[Linux-aus] Disability Liaison Officer for LCA 2014 and other LA-assisted events

Ian ilox11 at gmail.com
Tue Oct 22 09:52:19 EST 2013

In terms of the range of attendees at an LCA there is a clear need for
somebody knowledgeable in the field to be tasked with oversight of
assistance for those with some form of disability. I believe that a
Disability Liaison Officer is an essential role within the Organising

Last year I was honoured to be able to take part in LCA thanks to the
Regional Delegates support program. It was valuable to me not just in
contacts but in being able to touch base with the Open Source world and I
hope the wide ranging discussions I had with other delegates triggered off
future developments. I also took advantage of the support provided by the
shuttle buses but especially to be noted the wonderful mini-vans and the so
excellent volunteer drivers.

The DLO role might mean the hiring the Accessibility mini-vans. It might be
as simple as keeping spaces free in the front row for those with
hearing/visual problems. It might mean shuttle buses and having able-bodied
person able to help move luggage for those with less strength.

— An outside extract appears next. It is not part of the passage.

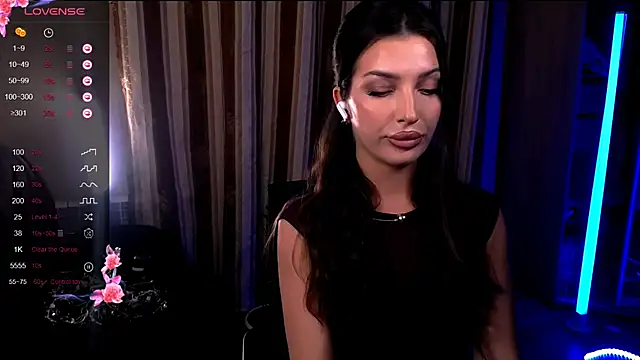 Laura Bess online show from November 29, 2025, 10:21 pm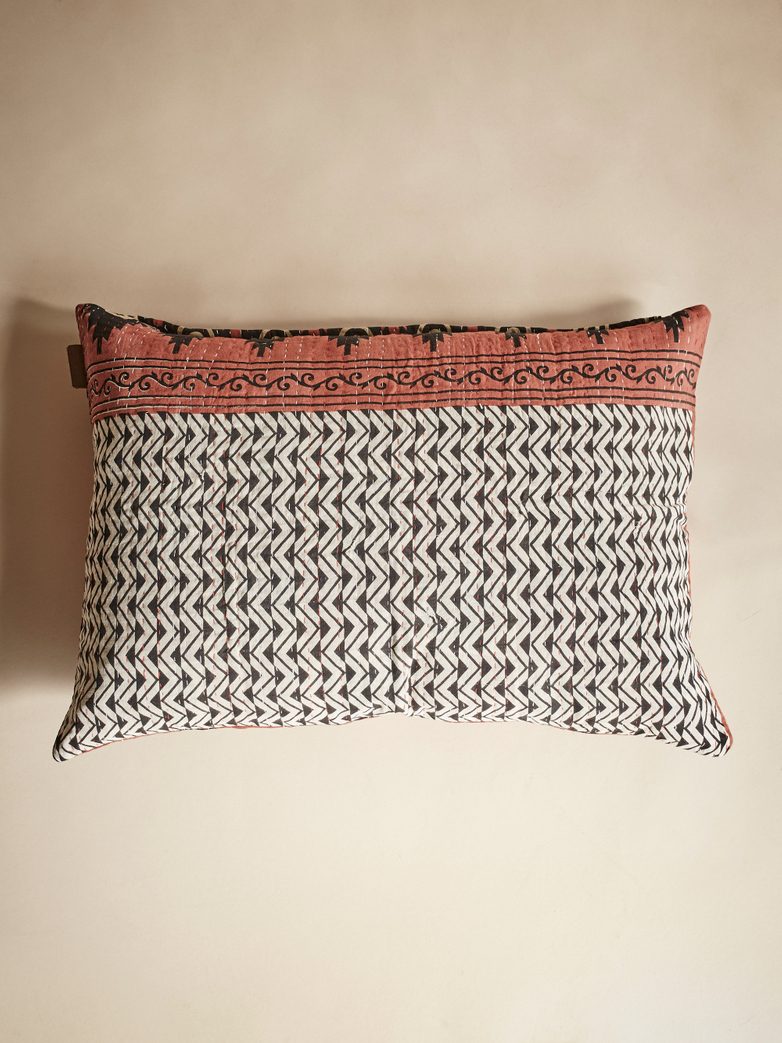 Sari Kantha – Aztec Red – 50 x 70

One example of where experience in disability support could/might have
helped  - and I make no reflection on the excellent ACT Team that were
caught out by something out of the blue - last year's Key signing was held
in a room that a wheelchair-bound participant couldn't make it down the
stairs to the front for the identification process. Yes there was
wheelchair access at the back of the room but the person was a participant
not a watcher. Maybe a little thing but a person with Disability Support
oversight could have facilitated changes to cover this. Note that the
problem was overcome as far as I was aware but it needed some messing about
to resolve.

Disability can affect any of us and being able to enjoy the conference in
spite of the difficulties can really make a difference.

PS: For the organising committee: please make sure that the training for
volunteers includes how to guide a visually impaired person using the
volunteer's elbow as a reference point. This technique takes less than 3
minutes to learn but makes a big difference to the comfort of a VIP.